#### [WHAT IS NEEDED]
Would you write out each line of the material below exactly, skipping every picture?

#### [DATA BLOCK]
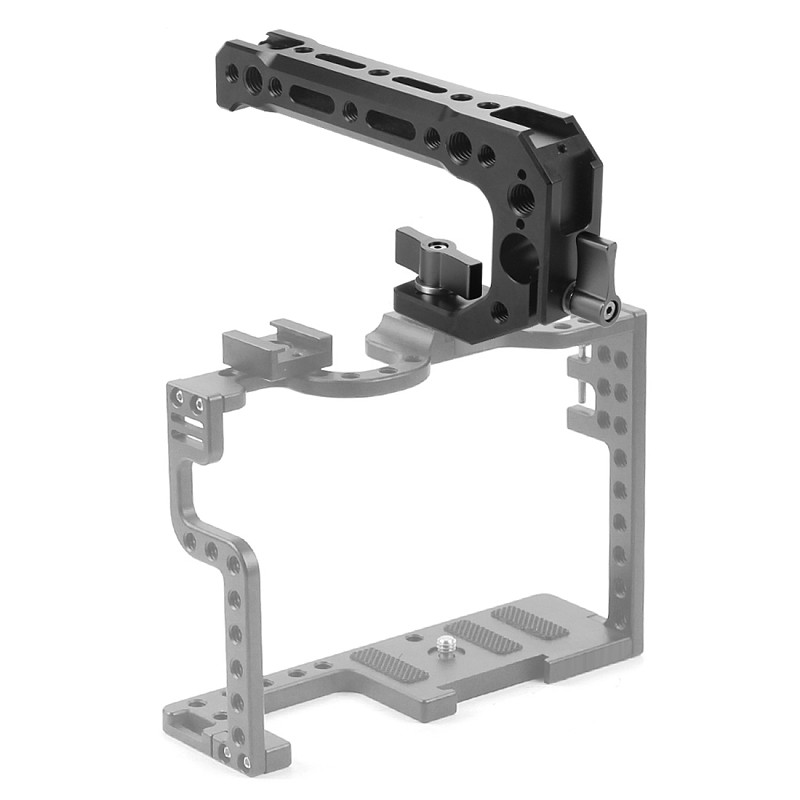 FEICHAO BSB-2A-B CNC Universal Locating Top Handle Grip with 15mm Rod Clamp Rabbit Cage Kit with Cold Shoe + 1/8 3/8inch Screw for DSLR Camera Microphone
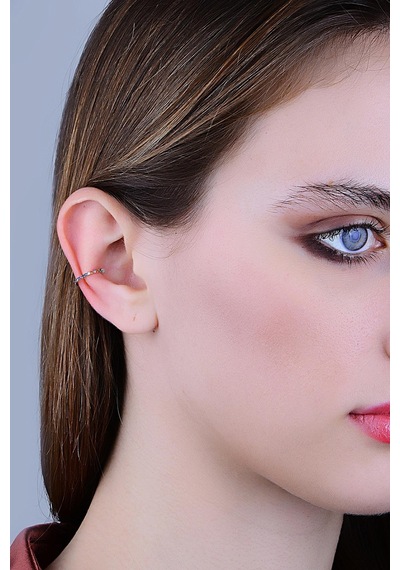 Gümüş Rodyumlu Renkli Taşlı Sıkıştırmalı Kıkırdak Küpe Ear Cuff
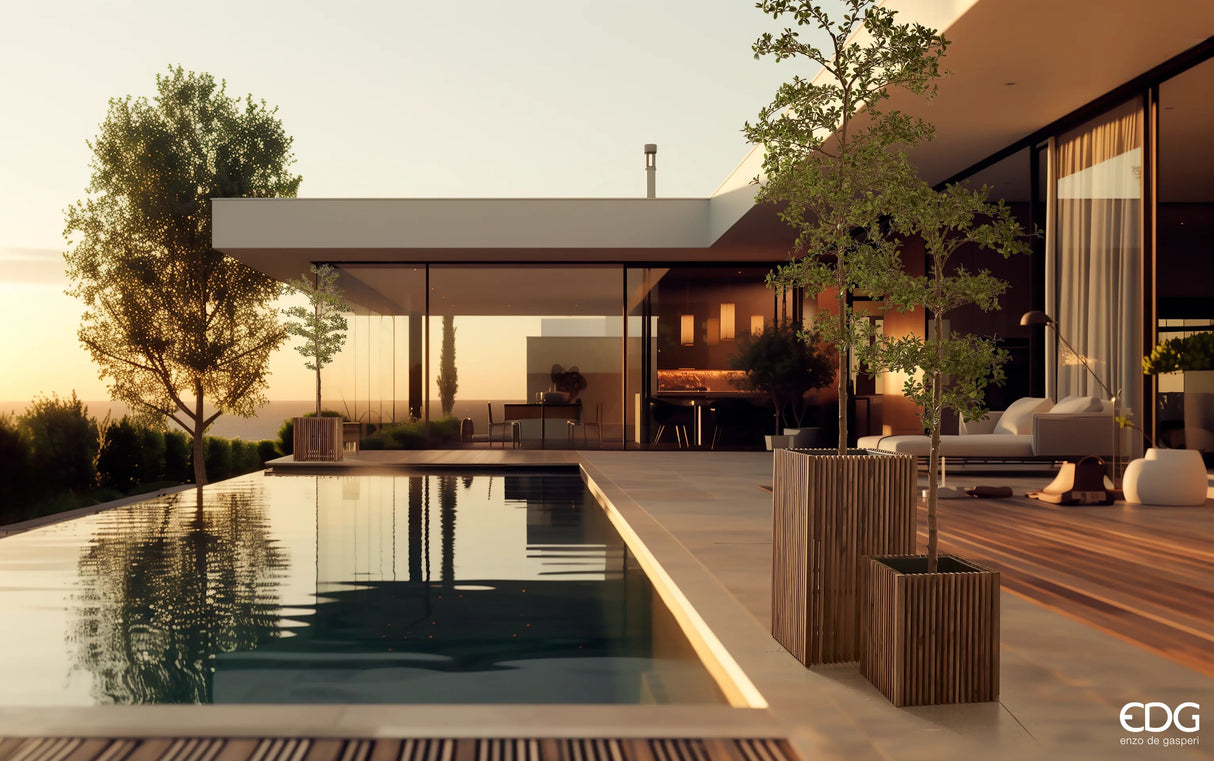 edg enzo de gasperi edg enzo de gasperi vaso listelli qudrato legno di acacia grey 50 x 51 x 51 cm ean 8059824484192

#### [WRITTEN RESPONSE]
 FEICHAO BSB-2A-B CNC Universal Locating Top Handle Grip with 15mm Rod Clamp Rabbit Cage Kit with Cold Shoe + 1/8 3/8inch Screw for DSLR Camera Microphone
 Gümüş Rodyumlu Renkli Taşlı Sıkıştırmalı Kıkırdak Küpe Ear Cuff
 edg enzo de gasperi edg enzo de gasperi vaso listelli qudrato legno di acacia grey 50 x 51 x 51 cm ean 8059824484192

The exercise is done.